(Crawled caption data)
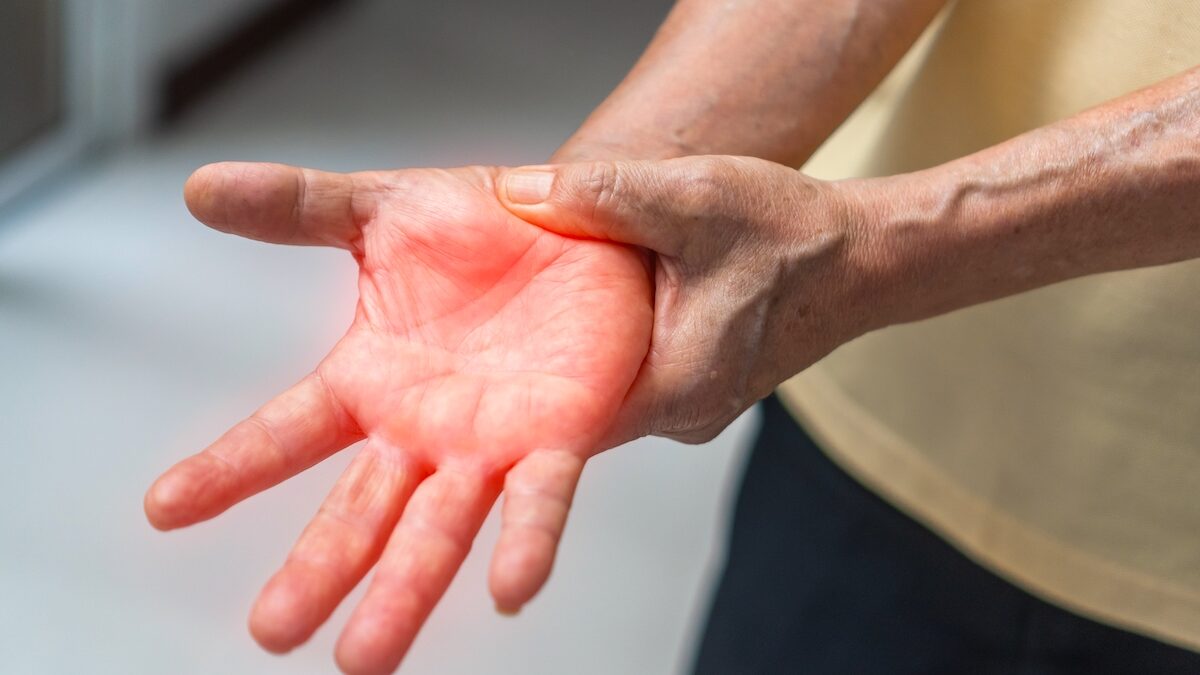 Illustration d'une dysesthésie de la jambe avec le trajet des nerfs sensitifs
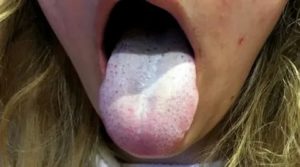 Тёмный налёт на языке ангина насморк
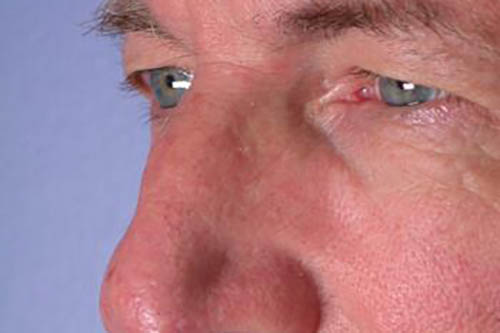 Eyelid Surgery Before & After Image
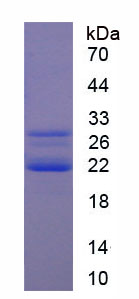 Recombinant Cold Inducible RNA Binding Protein (CIRBP)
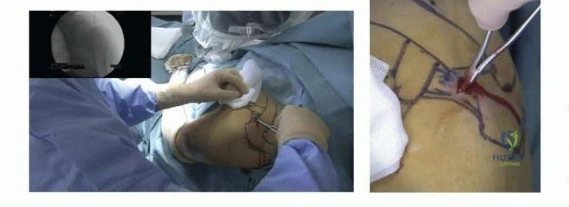 Clinical Image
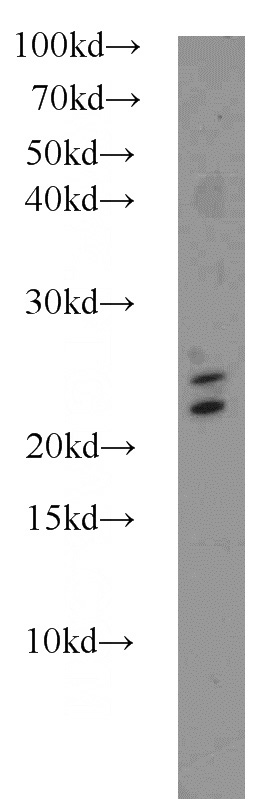 mouse brain tissue were subjected to SDS PAGE followed by western blot with Catalog No:114440(RAB3A-specific antibody) at dilution of 1:1000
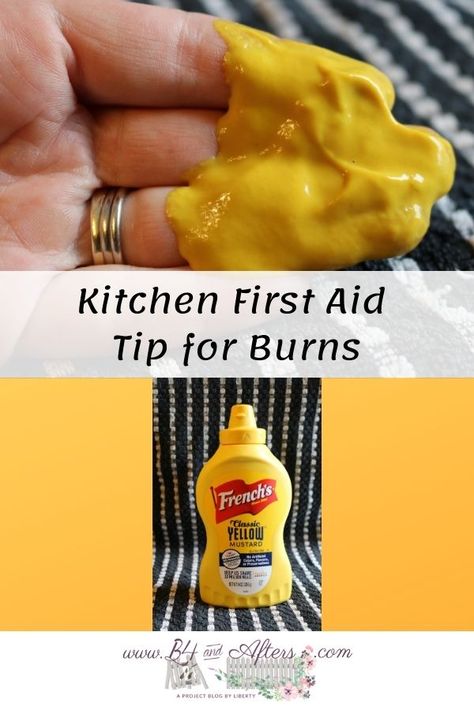 How To Help A Burn On Hand, Home Remedy For Burns Hands, Burn Remedies Hand, Diy Burn Relief, Burn Relief Hand, What To Put On Burns On Skin, Hand Burns Skin, Burn Remedies, Blister Remedies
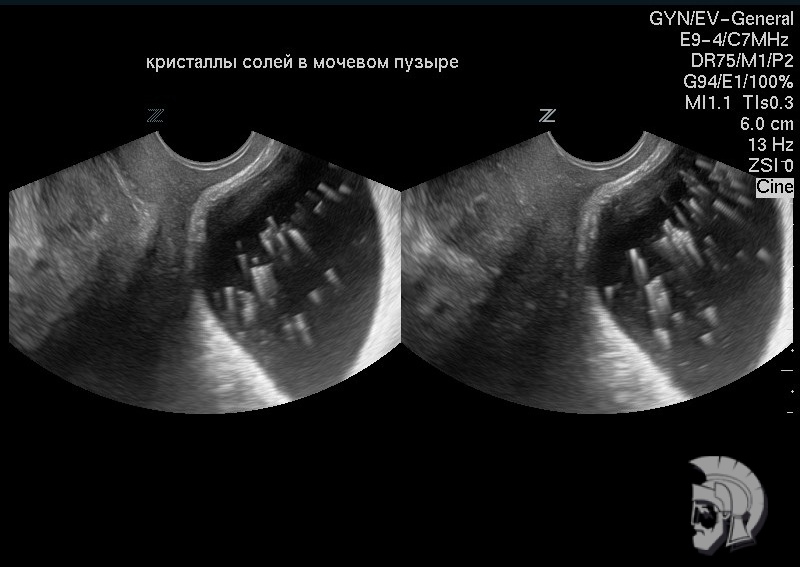 Кристалы солей в мочевом пузыре Кристалы солей в мочевом пузыре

#### TASK STATEMENT:
Exclude the pictures, and output exactly the lines from the one with "Clinical Image" through the last line of the records, both included.

#### RESPONSE:
 Clinical Image
 mouse brain tissue were subjected to SDS PAGE followed by western blot with Catalog No:114440(RAB3A-specific antibody) at dilution of 1:1000
 How To Help A Burn On Hand, Home Remedy For Burns Hands, Burn Remedies Hand, Diy Burn Relief, Burn Relief Hand, What To Put On Burns On Skin, Hand Burns Skin, Burn Remedies, Blister Remedies
 Кристалы солей в мочевом пузыре Кристалы солей в мочевом пузыре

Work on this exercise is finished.